The Hall Art Foundation is pleased to announce an exhibition by German artist, Katharina Grosse to be held at its Schloss Derneburg location.
Katharina Grosse was born in Freiburg im Breisgau in 1961 and currently lives and works in Berlin and New Zealand. Considered to be one of the most important painters working today, she is known for using industrial spray paint to create intensely colored and multi-layered paintings on canvas as well as on a variety of surfaces, including expansive and immersive site-specific installations. Examples of both her studio practice and site-specific work will be presented in this exhibition, which includes a suite of recently completed large-scale paintings on canvas and works on paper, in addition to a monumental fabric piece, o.T. (2013). Installed in the castle’s main entrance, o.T. refers to Grosse’s first spray painting executed in 1998 for the project space of Kunsthalle Bern.

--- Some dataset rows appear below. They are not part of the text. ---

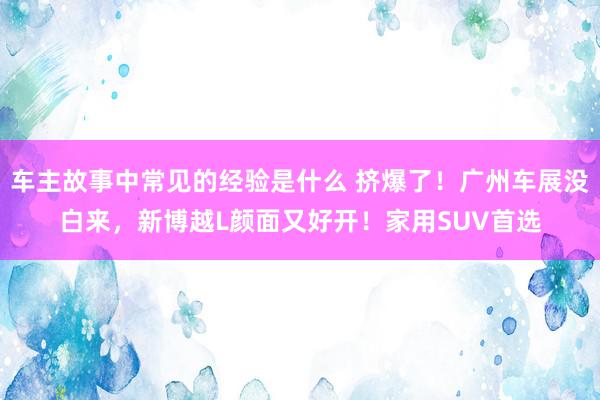 车主故事中常见的经验是什么 挤爆了！广州车展没白来，新博越L颜面又好开！家用SUV首选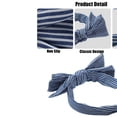 thumbnail image 4 of Unique Bargains 1 Pcs Double Bow Knot Headband Fashion Hairband for Women Deep Blue Stripe Pattern 1.34 Inch Wide, 4 of 7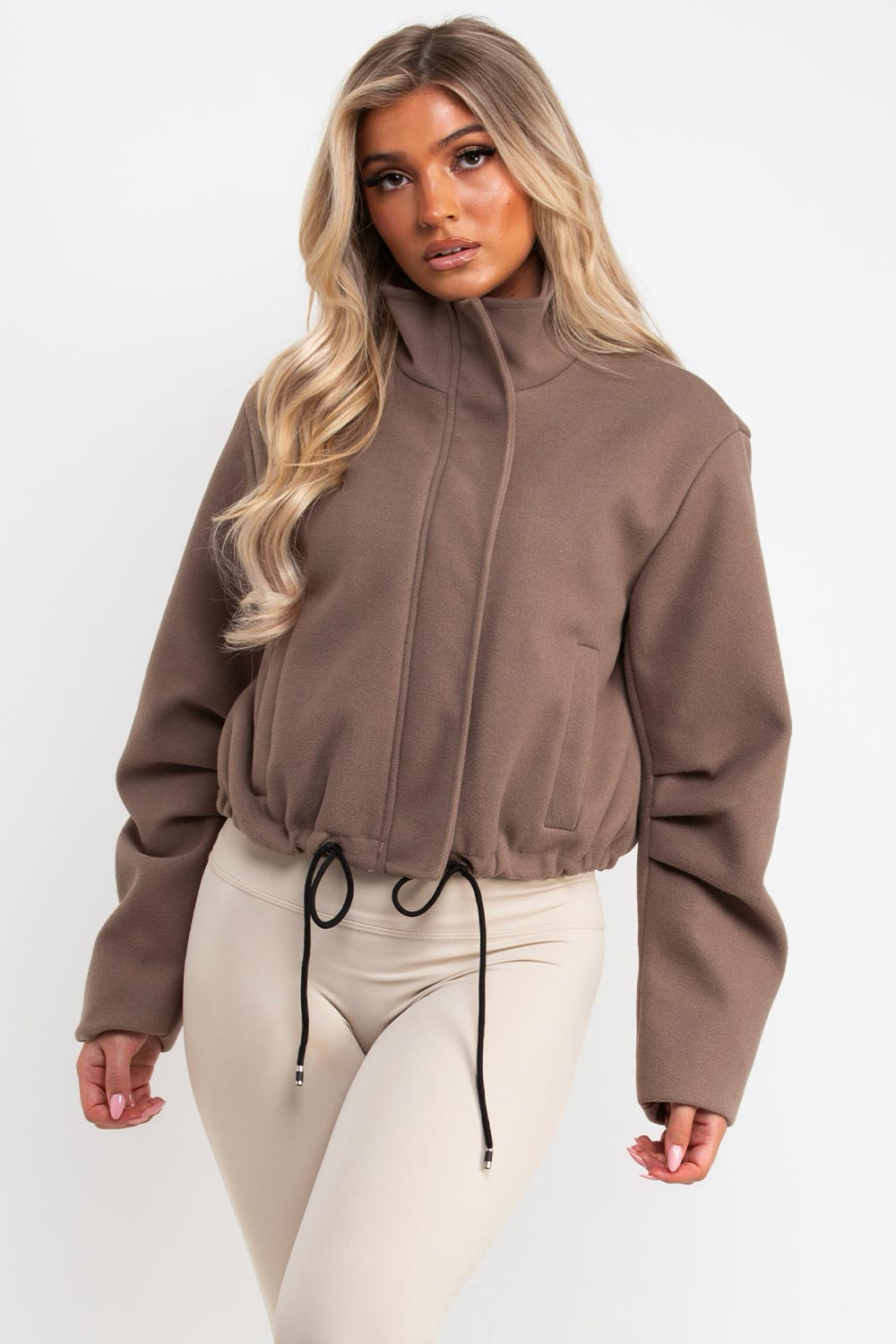 womens high neck long sleeve soft bomber jacket taupe styledup uk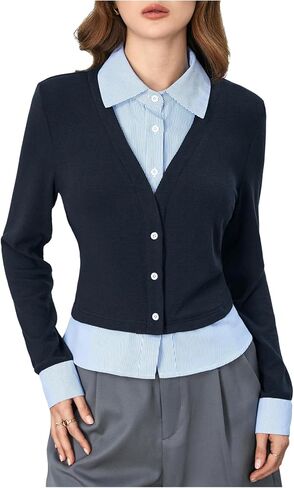 MakeMeChic Women's Striped Print Long Sleeve Shirt Button Down Collar Neck Blouse Tops in Saudi Arabia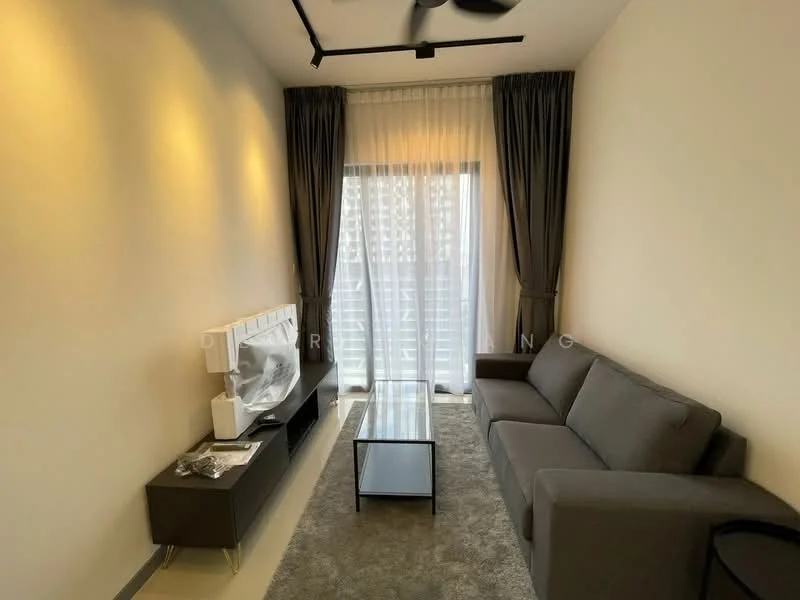 Living features: grey fabric sofa, glass coffee table, TV console, floor-to-ceiling windows, sheer curtains, blackout curtains, recessed downlights, ceiling fan, light grey carpet flooring, neutral painted walls; style: modern; view: city.
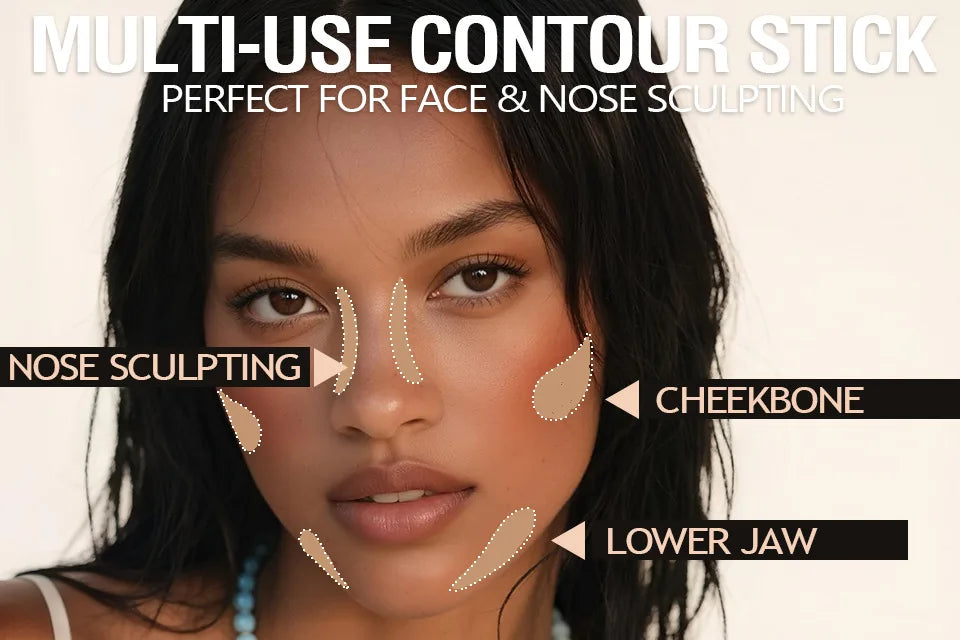 Tri-Color Multi-Functional Face Brightening Contour Stick Contouring &Brightening Skin-Perfecting Stick Waterproof Concealer Pen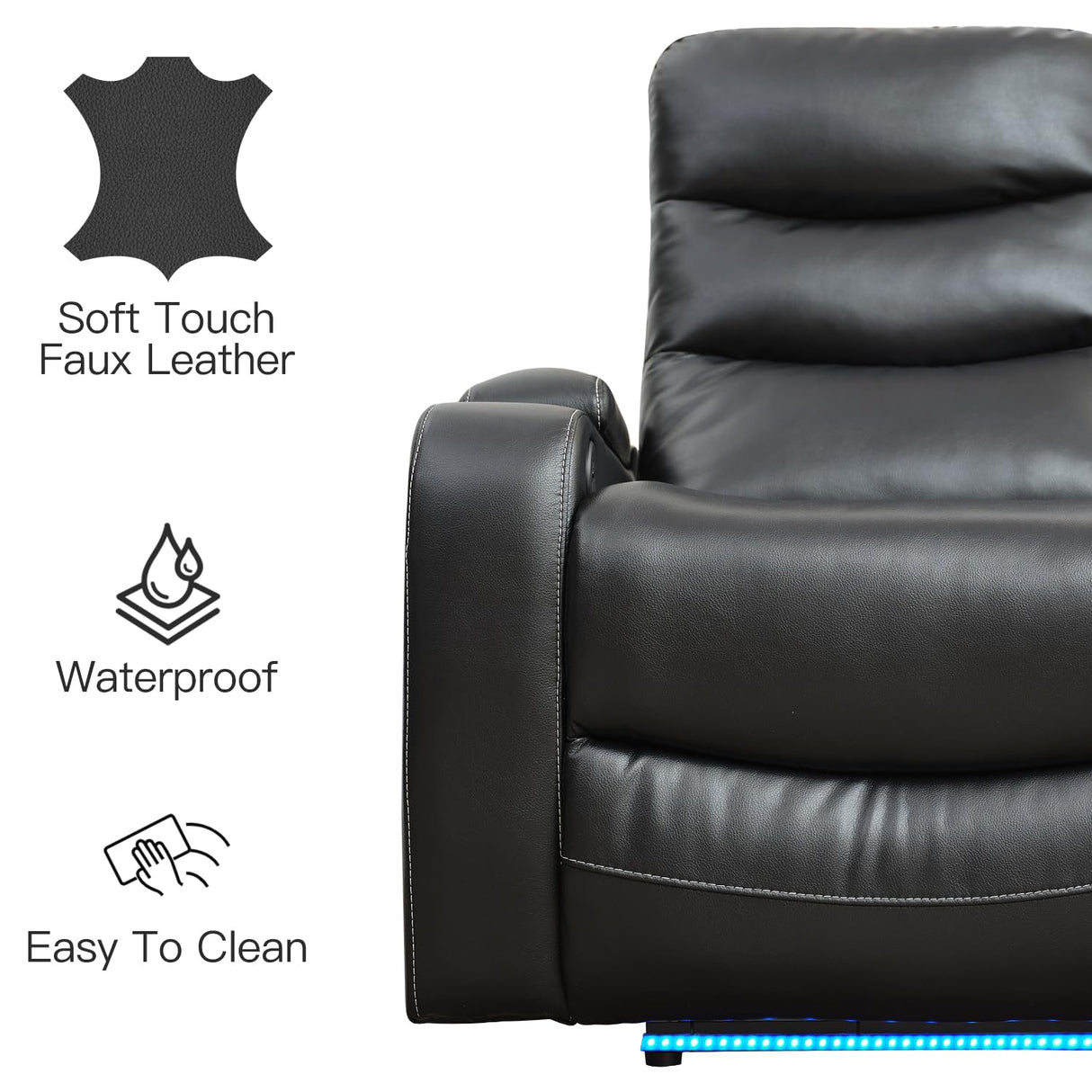 Electric Power Recliner Chair with LED Lights, Home Theater Seating with Swivel Tray Table, Faux Leather Recline Single Sofa Chair for Living Room with Hidden Arm Storage, Cup Holders, Black, 1 Piece Comfort Stretch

Working across a variety of media, Grosse extends the limits of what can be depicted on canvas. One senses in her work a continual willingness to experiment, to reconfigure the relationship of color and form, creating rhythmic structures of pure coloration and texture. Indeed, it is Grosse’s use of color that immediately leaps to viewers’ eyes, especially in the way she utilizes color to communicate an emotional tone that intentionally diverges from the formality oftentimes imposed by works on canvas.
For Grosse, what is essential is that the overall impression of a work be constructed from many layers. Akin to developmental stages, this layering process becomes a kind of commentary on a work’s overarching design. One can understand each gestural aspect of Grosse’s paintings, every application of color and texture, as a kind of signature element that contributes to the integrity of the whole.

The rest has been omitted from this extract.